What the task asks:
Images are to be excluded from the copy, and the records below reproduced word for word.

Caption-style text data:
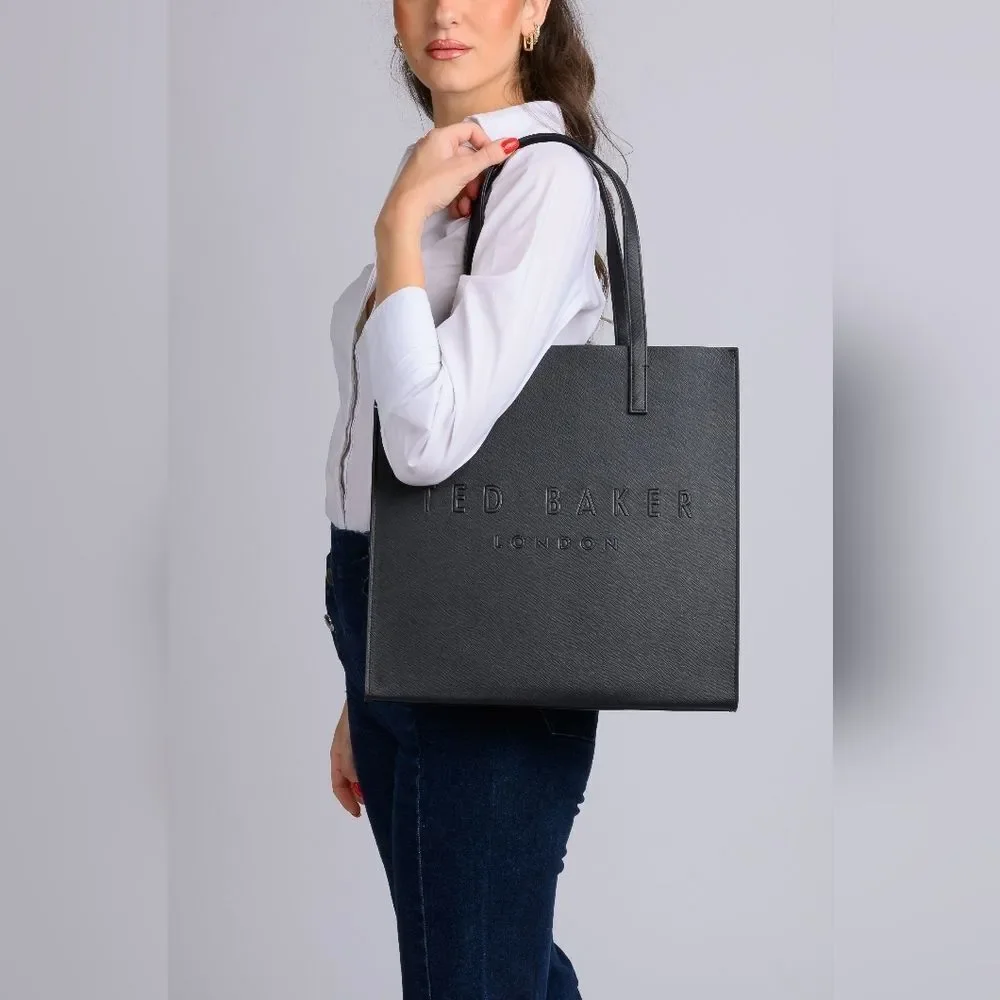 Ted Baker - Picture 5 of 12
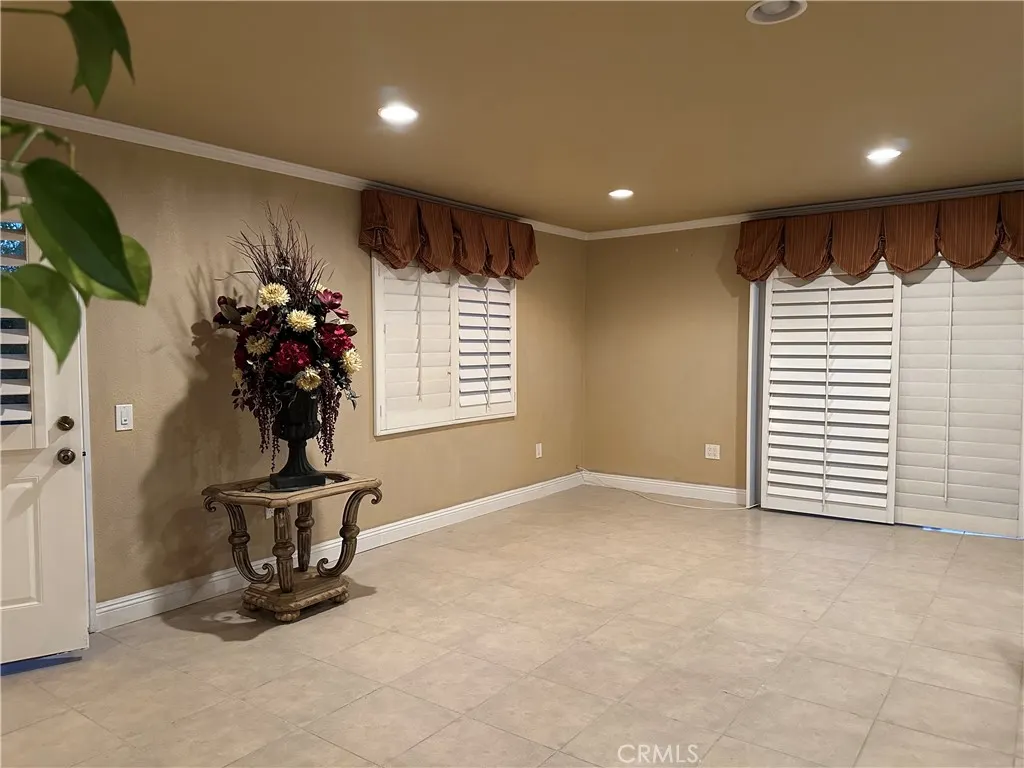 24237 Seagreen Dr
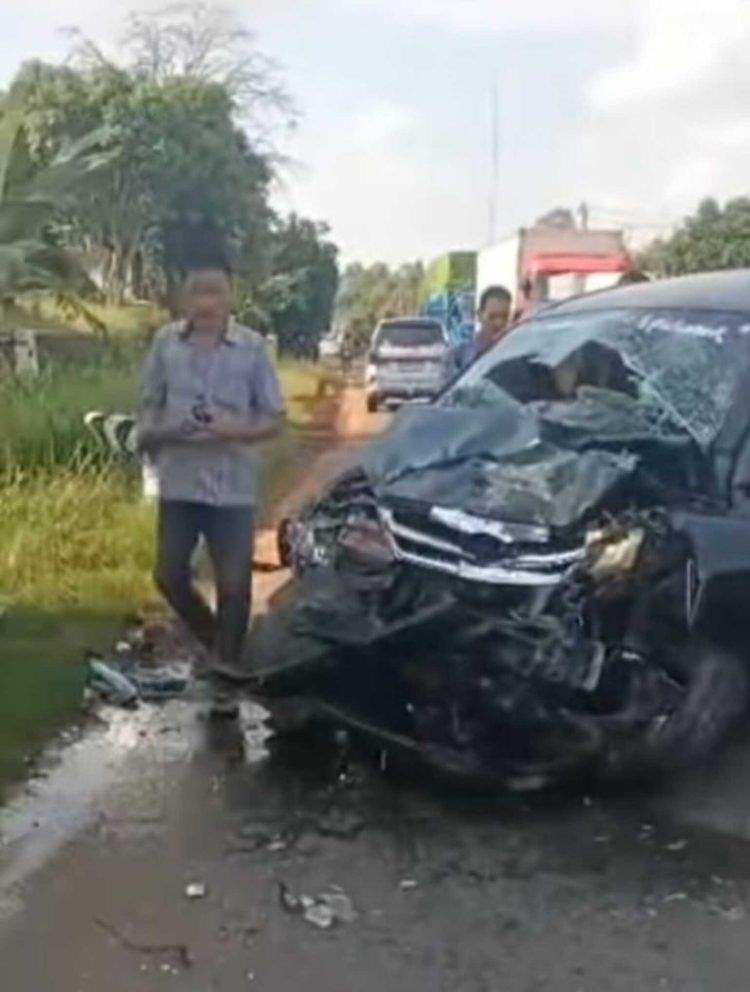 Kecelakaan di Jalan Lintas Timur Lampung Timur, Evakuasi Kendaraan Sedang Berlangsung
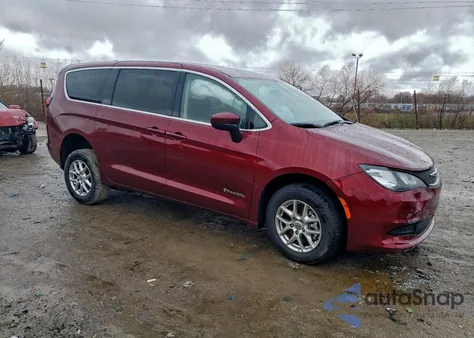 2022 Chrysler Voyager Lx из США, поврежденный, VIN 2C4RC1CG7NR159320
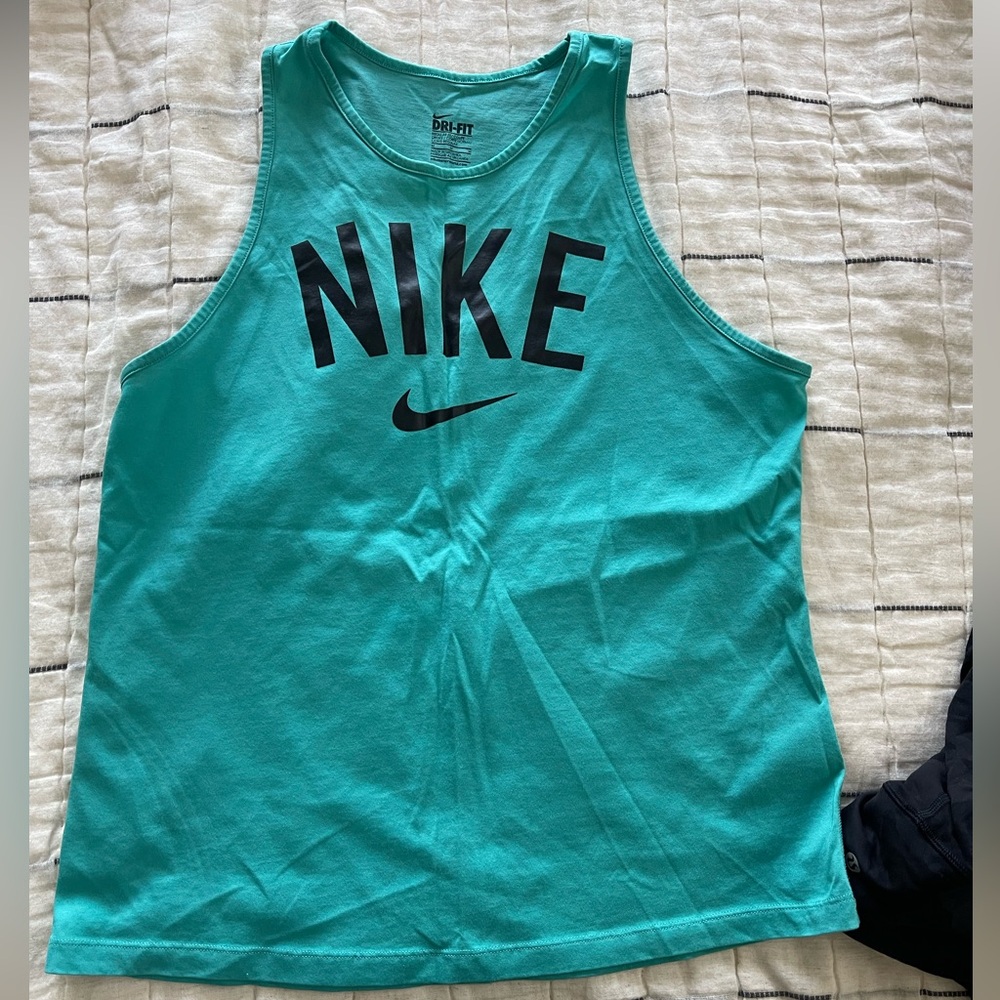 Nike top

Answer for the task:
 Ted Baker - Picture 5 of 12
 24237 Seagreen Dr
 Kecelakaan di Jalan Lintas Timur Lampung Timur, Evakuasi Kendaraan Sedang Berlangsung
 2022 Chrysler Voyager Lx из США, поврежденный, VIN 2C4RC1CG7NR159320
 Nike top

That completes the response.